The future for the Air Force Institute of Technology, which will graduate 56 students today, remains an open question in an era of sequestration-induced budget cuts, a declared readiness crisis in Air Force flying squadrons and upcoming civilian job furloughs, some say.

Today’s graduation is a tradition that has endured since 1919 for thousands of students who earn advanced degrees in defense-focused studies and engage in scientific and classified national security research.

Twice in less than two decades, AFIT’s future lingered in doubt, but the post-graduate school at Wright-Patterson avoided closure by showing its military value, officials said.

“Given the past examples, it is very likely that AFIT will be considered for significant cuts,” said Michael Gessel, vice president of federal programs at the Dayton Development Coalition. “That’s not a statement it will happen, but rather it’s simply likely that it will be considered for significant cuts.”

Gessel emphasized no proposal is on the table to close the school.

For the first time, the school opened its doors to civilian defense contractors within the past year and hired a civilian chancellor.
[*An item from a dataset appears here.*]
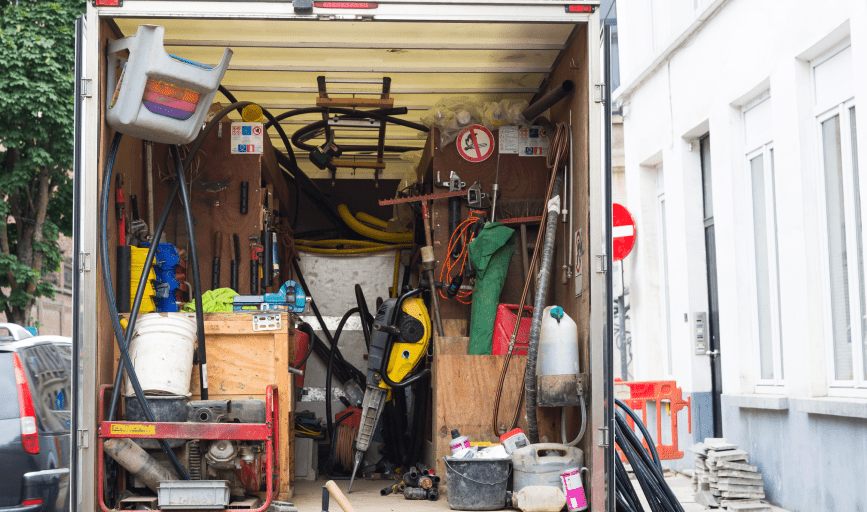 COMMERCIAL JUNK REMOVAL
The school cut about 50 staff positions last year because of Air Force wide job reductions and this year rearranged course schedules because of upcoming employee furloughs to avoid classes on Fridays.

AFIT director and chancellor Todd Stewart, a retired Air Force major general, said he hopes if top brass weigh in on the school’s future “that they do it with a well-informed understanding of the things that AFIT brings to the Air Force.”

Stewart said top defense leaders have said “everything is on the table.” The Defense Department is engaged in the Strategic Choices Management Review to look at cuts to the defense budget at three levels during the next decade.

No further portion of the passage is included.